Task prompt: Write out the listing below in its entirety, minus the pictures, without changing a word.

Provided material:
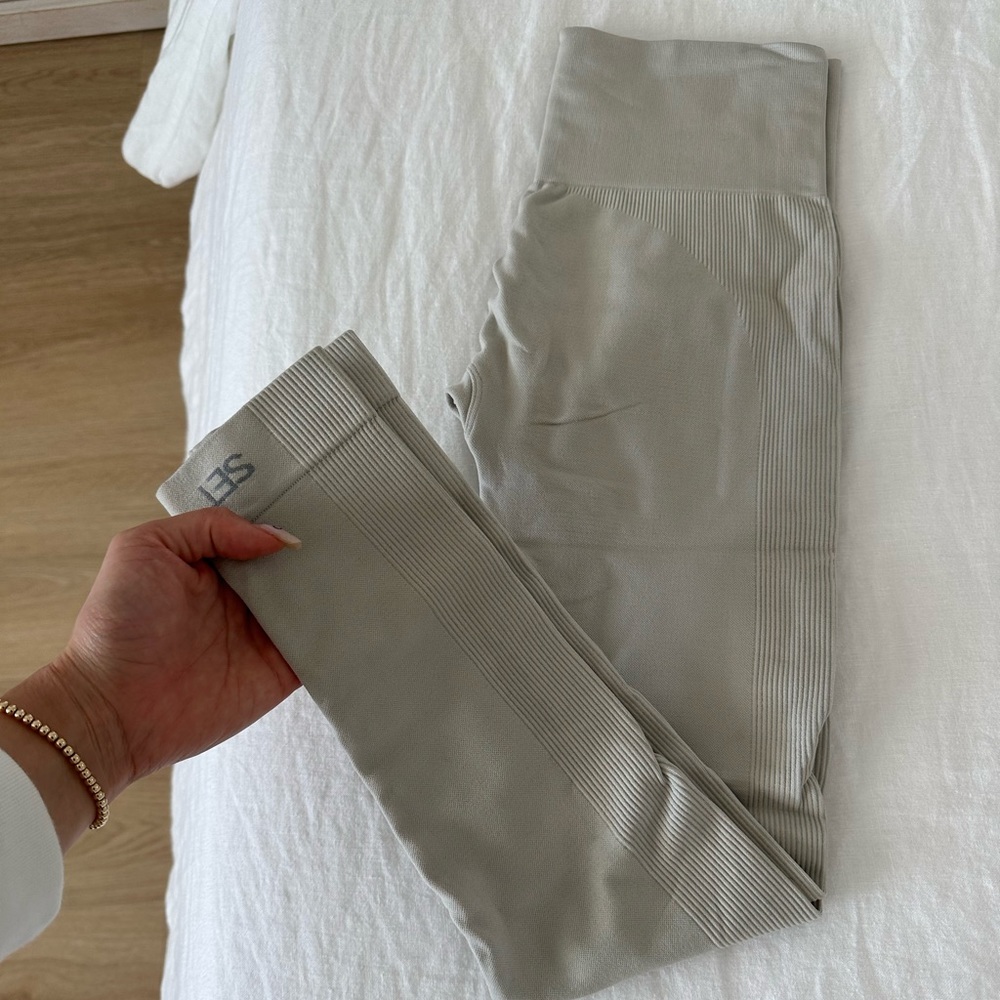 Set active oat milk beige Sculptflex leggings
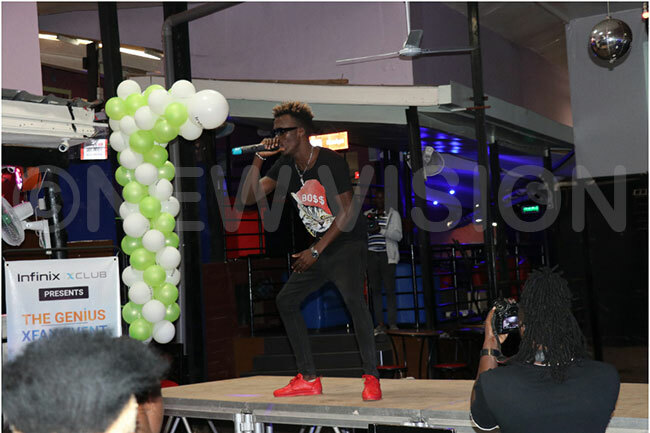  n artiste performing during the event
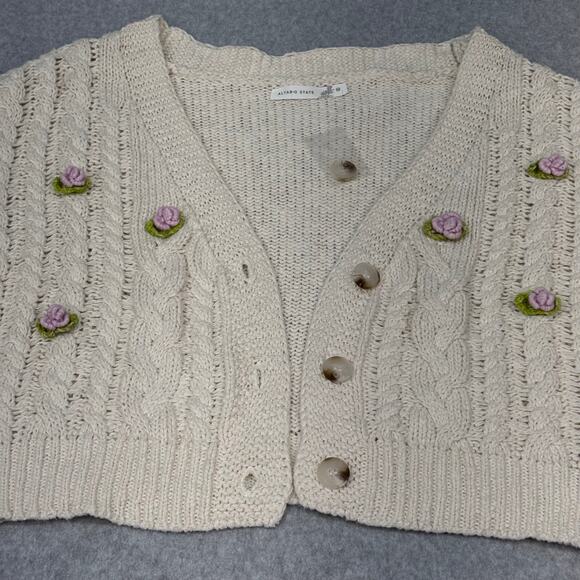 ALTAR-D STATE Women's Sweater Cream/Pink Crotched Roses Button Down Size M NEW! - Picture 4 of 8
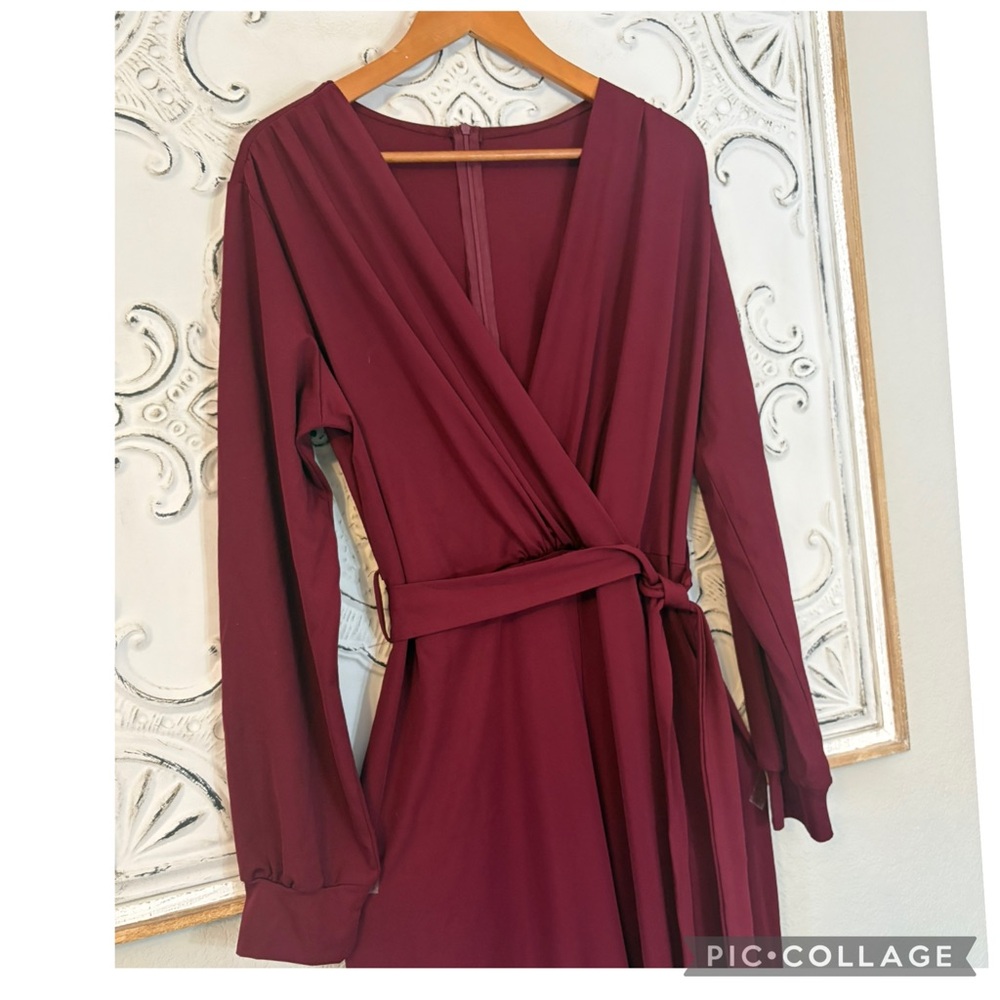 BURGUNDY SURPLICE NECKLINE WIDE LEG JUMPSUIT - Picture 3 of 3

Written response:
 Set active oat milk beige Sculptflex leggings
  n artiste performing during the event
 ALTAR-D STATE Women's Sweater Cream/Pink Crotched Roses Button Down Size M NEW! - Picture 4 of 8
 BURGUNDY SURPLICE NECKLINE WIDE LEG JUMPSUIT - Picture 3 of 3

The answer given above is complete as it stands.